0

I have a String that represents a condition:

weight ne 10

I would like to split this String into three parts and analysis them separately.

I used the Java split function which worked fine:

String[] parts = conditionString.split(" ");

However, the input value could possibly be something like this:

location eq "New York"

My code stopped working because of the space between New York.
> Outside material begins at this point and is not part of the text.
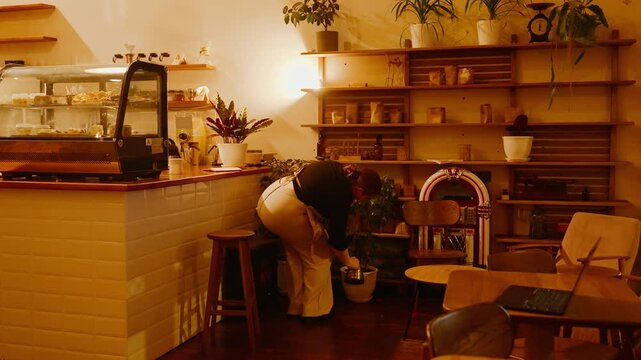 The female owner waters the plants in pots with a kettle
I then tried Regex with this:

^(\\w)+?\\s(\\w)+?\\s([\\w\\s\"])+$"

and it did not work.

Can someone please suggest a way to deal with this?

ZZZ
  • 363
  • 1
  • 9
  • 1
    Instead of split use `"[^"]*"|\S+` for matching – anubhava May 03 '21 at 10:36
  • You can provide a limit to `String.split()` telling it the maximum number of array elements you want, e.g. `conditionString.split(" ", 3);`. Provided that the first 2 parts don't contain spaces you should be good. – Thomas May 03 '21 at 10:36
  • [Tokenizing a String but ignoring delimiters within quotes](https://stackoverflow.com/q/3366281) – Pshemo May 03 '21 at 10:50

2 Answers2

3

As suggested by anubhava, instead of split you can use the regex, "[^"]*"|\S+ for matching.

import java.util.List;
import java.util.regex.MatchResult;
import java.util.regex.Pattern;
import java.util.stream.Collectors;

public class Main {
    public static void main(String[] args) {
        //Test
        System.out.println(getTokens("weight ne 10"));
        System.out.println(getTokens("location eq \"New York\""));
    }
    static List<String> getTokens(String str){
        return Pattern.compile("\"[^\"]*\"|\\S+")
                .matcher(str)
                .results()
                .map(MatchResult::group)
                .collect(Collectors.toList());
    }
}

Output:

[weight, ne, 10]
[location, eq, "New York"]

Explanation of the regex:

  • " matches "
  • [^"]* matches non-" characters zero or more times
  • " matches "
  • | OR
  • \S+ matches non-whitespace one or more times
Arvind Kumar Avinash
  • 50,121
  • 5
  • 26
  • 72
2

You can use this regex, which splits on all space characters unless it's in between quotes

"\\s(?=([^\"]*\"[^\"]*\")*[^\"]*$)"

Example:

public static void main(String[] args) {
    String[] conditionString = {"weight ne 10", 
                                "location eq \"New York\"", 
                                "\"day of week\" eq monday"};

    for(String condition : conditionString){
        String[] parts = condition.split("\\s(?=([^\"]*\"[^\"]*\")*[^\"]*$)");
        System.out.println(Arrays.toString(parts));
    }
}
Eritrean
  • 9,903
  • 1
  • 15
  • 20